By Hal Lindsey
In today’s political climate, at almost any public venue in America, a speaker can instantly divide the audience into distinct camps with just two words … Donald Trump.
That name can be incendiary in churches, families, businesses, schools, and whole communities. The President’s detractors see him as destructive to all that makes America great. Meanwhile, his proponents think he’s going to “make America great again.” A recent report on viewer ratings for cable news, showed Sean Hannity and Rachel Maddow dominating. Hannity defends and promotes Trump with all his might day after day. Maddow attacks as hard as she can.
We are a divided nation.
But certain facts seem unassailable. First, Donald Trump is the President of the United States. Second, there is only one United States. Third, we only have one President at a time. Fourth, a weakened head of state weakens a nation. Fifth, a weakened United States makes the whole world a more dangerous place.
A true representative republic will have vigorous political debate. But recent rancor has gone far beyond politics. Early in the Trump presidency, comedian Sarah Silverman tweeted, “Wake up & join the resistance. Once the military is w(ith) us fascists get overthrown. Mad king and his handlers go bye bye.”
A few days later, Entertainment Weekly ran this headline; “Sarah Silverman walks back call for coup against Trump.” It’s hard to imagine. A popular entertainer had to “walk back” her call for a coup d’état in the United States of America. But, as far as I can see, she’s as popular now as ever.
Even though Silverman walked back the most extreme part of her statement, “the resistance” that she mentioned has become a real thing. In May, Hillary Clinton said, “I'm now back to being an activist citizen and part of the resistance.”
I don't like the term “the resistance” because it evokes images of guerrilla warfare, such as with the French Resistance to the Nazis in World War II. But military terminology has so permeated political rhetoric that it has become a waste of time to complain about it.
In general, I agree that politicians, and most other citizens, should lawfully resist policies they see as hurtful or unfair. We hope for politicians who will offer positive solutions, but there’s also a place for resisting the other side.

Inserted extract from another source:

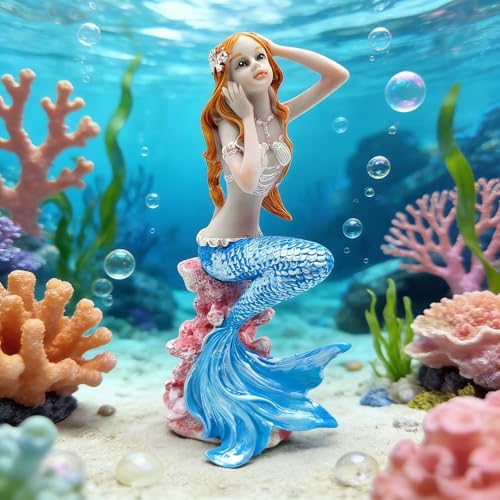 Blue Mermaid Figurine, Mermaid Statue for Fish Tank Decor, Perona Figure, Resin Princess Figurines for Aquarium Landscape & Mermaid Room Decor - color: Blue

Notice that I said, “most other citizens” should lawfully resist. There are at least two professions that must leave political advocacy, and resistance, to the privacy of the voting booth — active military personnel, and journalists. I’m not talking about editorial writers, columnists, or commentators. It’s their job to give their opinions. I’m talking about beat reporters whose job it is to give the facts, as opposed to making their personal opinions sound like facts. A high percentage of Washington beat reporters now see themselves as part of “the resistance.”
Hannity and Maddow are not reporters. They make no claim to impartiality. They host opinion shows that reflect their own views. That’s okay. When you read these columns, or watch me on television, you know that I am giving commentary. But Maddow also serves as anchor of MSNBC convention and election coverage. Once upon a time, no network would even think of having a commentator anchor coverage of a straight news event.
There is not even a pretense that Rachel Maddow is an unbiased observer. Before the Republican convention, she compared Donald Trump to Hitler, and worried that America might be taking a turn like that of Nazi Germany. That’s an extreme point of view. Yet, she anchored election coverage for MSNBC. Let her give her opinions, but as a commentator, not a straight reporter.
Over at CNN, things have become strange indeed. They act as if they see themselves in a life-or-death struggle to bring down the President. They believe the Trump campaign treasonously colluded with Moscow during the election. With that as their context, even seemingly insignificant meetings take on an aura of great importance. It’s possible that some of the conjecture now being passed off as news, could turn out to be true. I don’t know, and that’s the point — neither do they.
This year, the White House Correspondents’ Association spent a long portion of their high-profile annual dinner, honoring famous Watergate reporters, Bob Woodward and Carl Bernstein. In popular culture, they are seen as the men who brought down Richard Nixon. They happened to be honored at the first correspondents’ dinner of the Trump presidency. That’s not a coincidence. That’s a message to Donald Trump.
Shortly after Trump became president, Woodward and Bernstein’s old paper, the Washington Post, added a new line to their masthead — “Democracy Dies in Darkness.” It seems to be a response to the President’s criticism of the media. But the truth is, democracy does need light.
Our constitution divides government into three branches in order to have internal checks and balances on power. The First Amendment guarantees a free press. That’s supposed to provide an external check on power.
But it works only when the press shines an unbiased light on government activities. Unbiased means, don’t join “the resistance.” Report the news, then trust the public to make up their own minds. If the media were to begin trusting the people with the straight news, the people might begin to trust the media.